Les Républicains veulent aussi connaître le calendrier d'application et ses conditions (présenter la loi d'application en même temps que la révision constitutionnelle), élargir les possibilités de pose de bracelet électronique par décision administrative.
Demande d'une commission d'enquête parlementaire sur les attentats
Nicolas Sarkozy veut également faire une «demande solennelle» de commission d'enquête parlementaire sur les attentats de 2015. «Cela permet de ne pas tomber dans le piège, de ne pas voter en se bouchant le nez mais au contraire en faisant des propositions pour aller plus loin», a expliqué, selon des participants, Nicolas Sarkozy, qui demande également que «la déchéance prenne effet dès le prononcé de la peine, et pas à l'issue de la peine» et qu'elle soit «couplée avec l'expulsion».
De plus, selon un communiqué publié à l'issue du BP, «Les Républicains exigent le changement complet de la politique pénale du gouvernement qui doit se traduire par la fin de toute remise automatique ou réduction de peine en lien avec les activités terroristes, par la pénalisation de la consultation régulière des sites djihadistes, par la mise en oeuvre de la rétention de sûreté pour les terroristes condamnés à leur sortie de prison, par l'ouverture de centres de déradicalisation».
Désaccords au sein du parti
Alain Juppé a rappelé sa position sur l'inefficacité de la déchéance. «Mais il a dit qu'il était néanmoins d'accord sur tout avec M. Sarkozy, sauf sur l'extension aux délits», avant de finalement voter pour.
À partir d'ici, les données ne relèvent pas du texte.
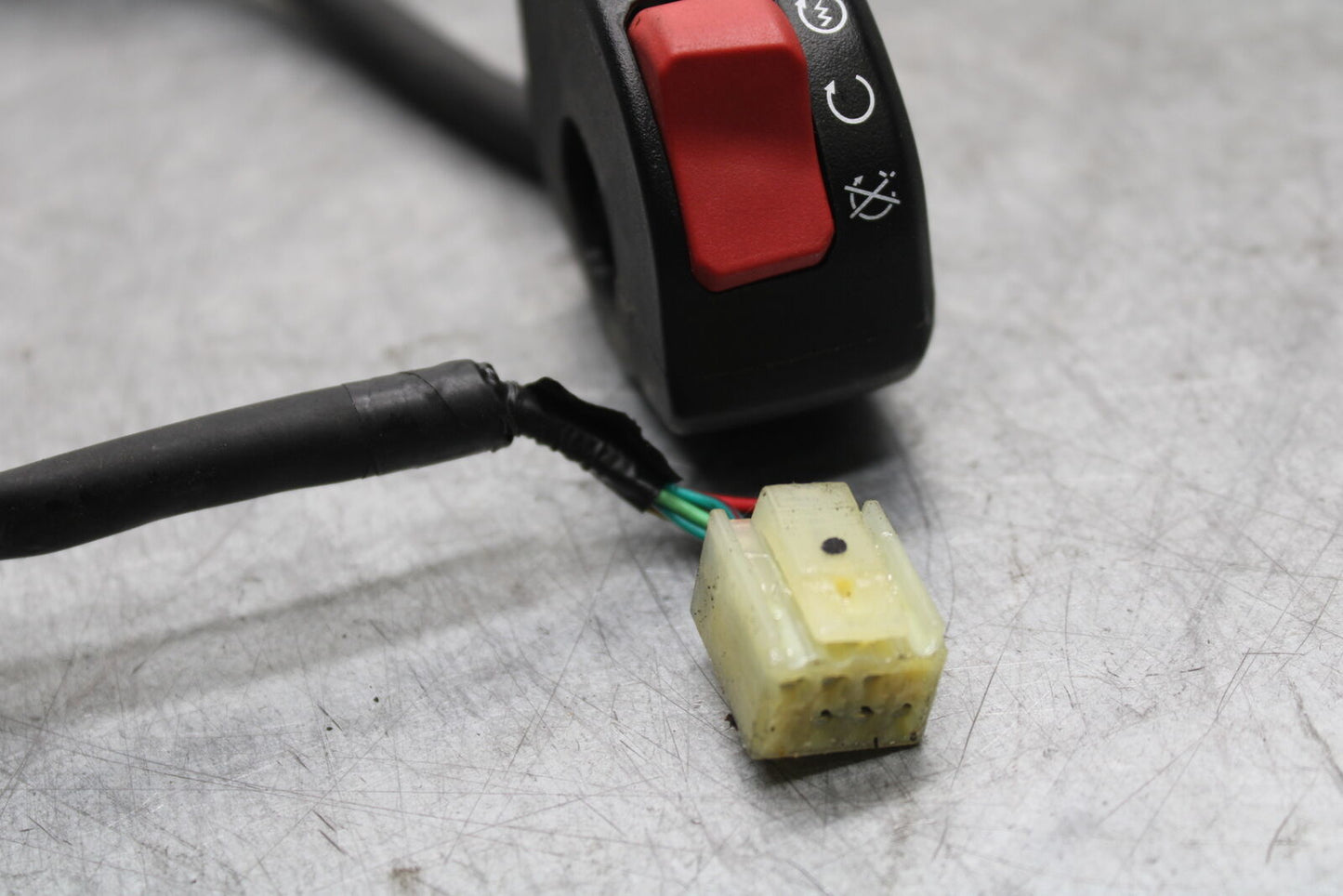 19-21 TRIUMPH SPEED TWIN 1200 RIGHT CLIP ON HANDLE KILL OFF START SWITCH BB653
Jean-François Copé est également en désaccord avec l'extension de la déchéance de nationalité aux délits de terrorisme. «Il craint qu'on ait l'air de mettre des conditions pour ne pas voter» la révision constitutionnelle.
«Pourquoi veux-tu donner une victoire à Hollande ?», a lancé Patrick Devedjian à Nicolas Sarkozy. Qui a répondu : «C'est une victoire idéologique de la droite qui l'avait demandée (la déchéance). Plus vous serez pour, plus vous obligerez la gauche à sortir de l'ambiguïté».
Mais «c'est un coup politique» du gouvernement, «on n'a pas besoin de la Constitution pour prendre ces mesures», a argué Nathalie Kosciusko-Morizet. Pour NKM, c'est «soit l'indignité nationale, soit la déchéance de nationalité. Mais pour tous. C'est un très mauvais symbole que de prendre une mesure discriminatoire pour les binationaux».
Puisque «tout le monde dit que c'est inutile, peut-être pourrions-nous éviter des voter des mesures qui ne servent à rien», a lancé Hervé Mariton. «La déchéance de nationalité est le problème de la gauche, pas de la droite. Nous la votons», a plaidé Bruno Le Maire.